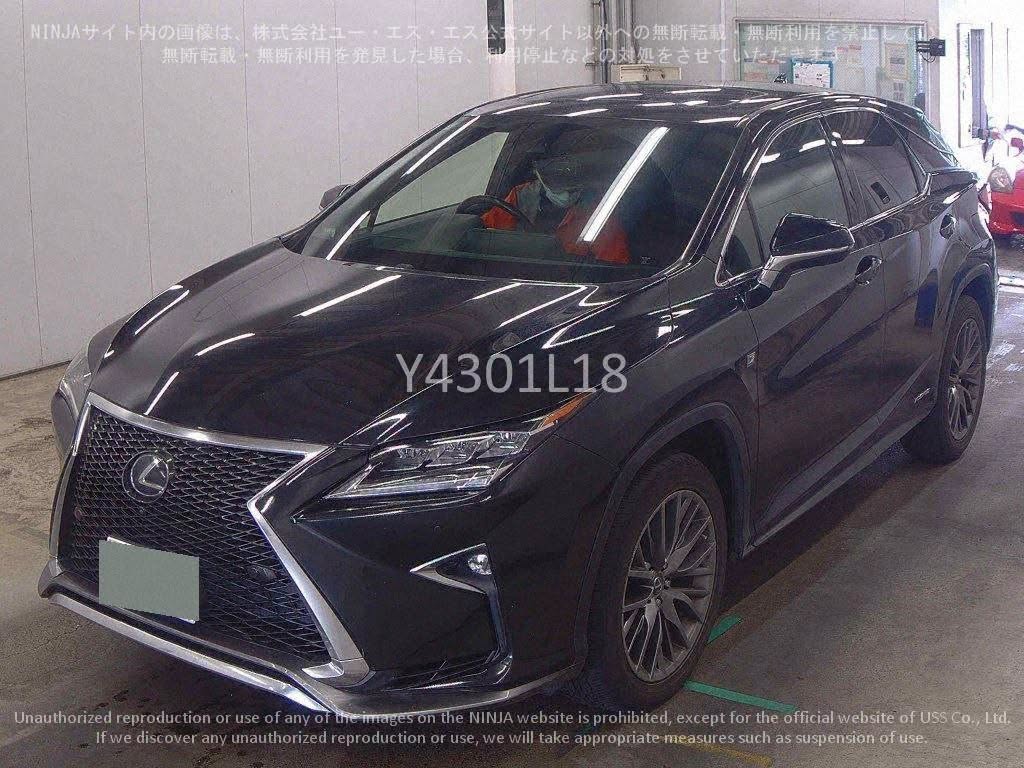 Uploaded image 1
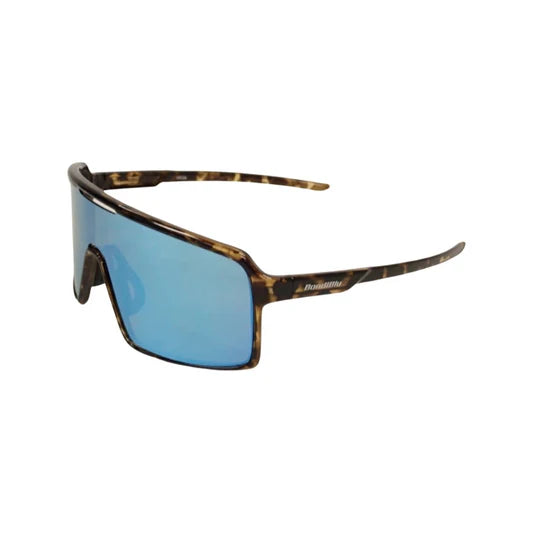 BondiBlu B00630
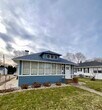 Foto principal - 1336 Wolcott Ave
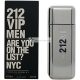 Carolina Herrera 212 VIP Men EDT Vapo 100ml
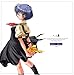 冬馬由美, ドラマCD AIR 第2巻「霧島佳乃・DREAM(前編)」, 発売中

*Your task*: The data above must be given again in full and unaltered, minus its images.

*Response to this task*:
 Uploaded image 1
 BondiBlu B00630
 Foto principal - 1336 Wolcott Ave
 Carolina Herrera 212 VIP Men EDT Vapo 100ml
 冬馬由美, ドラマCD AIR 第2巻「霧島佳乃・DREAM(前編)」, 発売中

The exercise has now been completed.